In the previous year, the contract for constructing the school was awarded to M/S Mesco Ltd. In January 2023, the site was officially handed over to the said contractor, with the initial expectation that the project would be completed by July 2024.
However, during a project monitoring visit on November 1, 2023, by a team from the Directorate of Socio-Economic Monitoring at the president’s office, local leaders raised significant concerns regarding the slow progress of the works at Okum Seed Secondary School.
Isaac Keno, the clerk of works for the school project, confirmed that the site was handed over to the contractor in January 2023. He noted, “The contractor has spent approximately 11 months, which is about 61 percent of the allotted time, and the physical progress, according to my calculation, stands at about 12 percent.” Keno further added, “When the contractor completes the slabs for all the structures, it will bring us to about 20 percent completion.”
Challenges with the delivery of materials have contributed to the slow progress. Keno mentioned that the slow delivery of materials hampers the work, but efforts have been made to address this issue through engagement with the contractor.
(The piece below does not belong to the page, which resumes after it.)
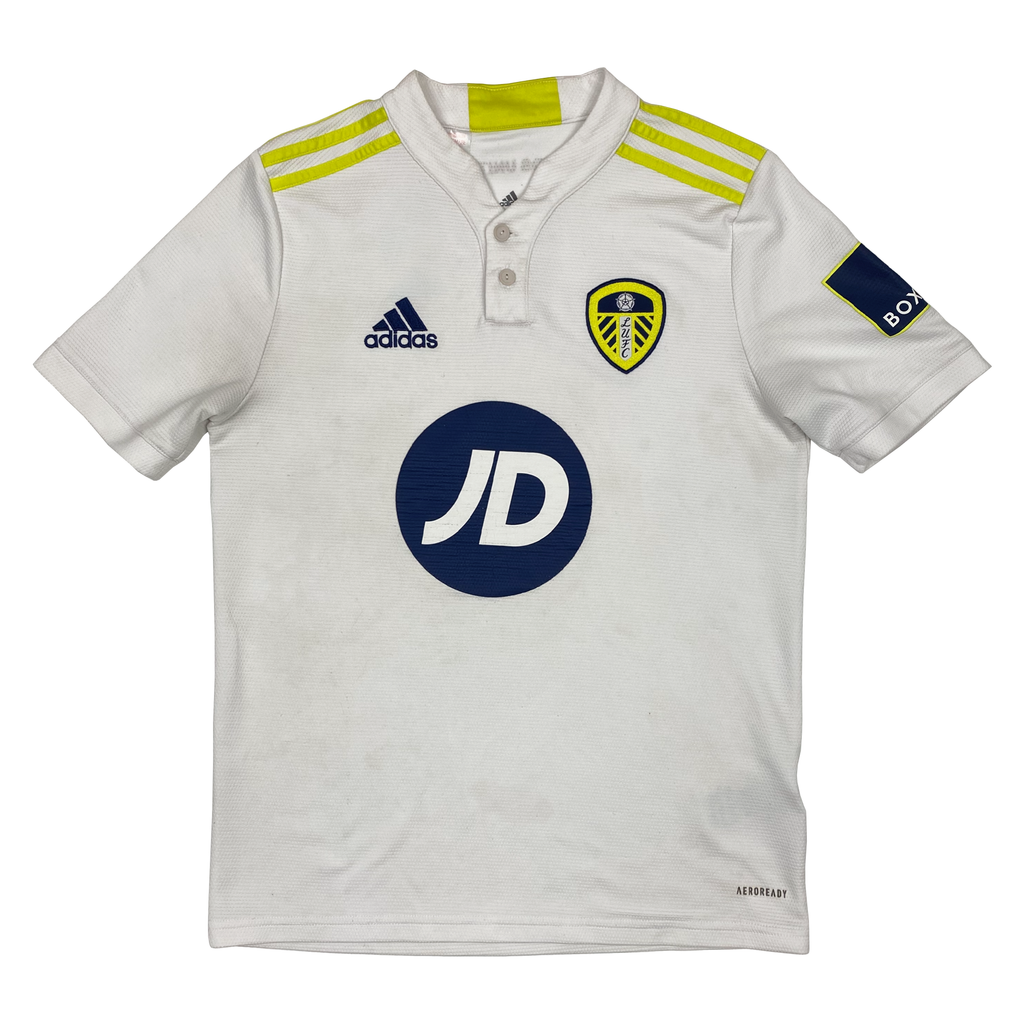 Leeds United Home Shirt (2021-22) | 13-14 Years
James Bwire Ogoola, the contractor’s representative (site engineer), acknowledged the slow pace of the project and cited “internal weaknesses” as a significant factor affecting progress.
Acting district engineer, Jimmy Marks Alany, mentioned that the contractor had already received an advance payment of UGX 524 million toward the closure of the Financial Year 2022/23.
Simon Akileng, the Chief Administrative Officer (CAO), revealed that the same contractor is also involved in a similar project in the neighboring Agago District, which has resulted in delays for both projects. Akileng noted, “Now we will pay him from here, he will run to the other side. That is the challenge we are facing.”
John Robert Adiama Ekaju, the Resident District Commissioner (RDC), observed that between January and June, the site had been abandoned. However, the contractor later picked up the work and resumed construction.
Beatrice Akello Akori, the Minister of State for Economic Monitoring in the Office of the President, urged local leaders to collaborate effectively to maximize the benefits of government projects.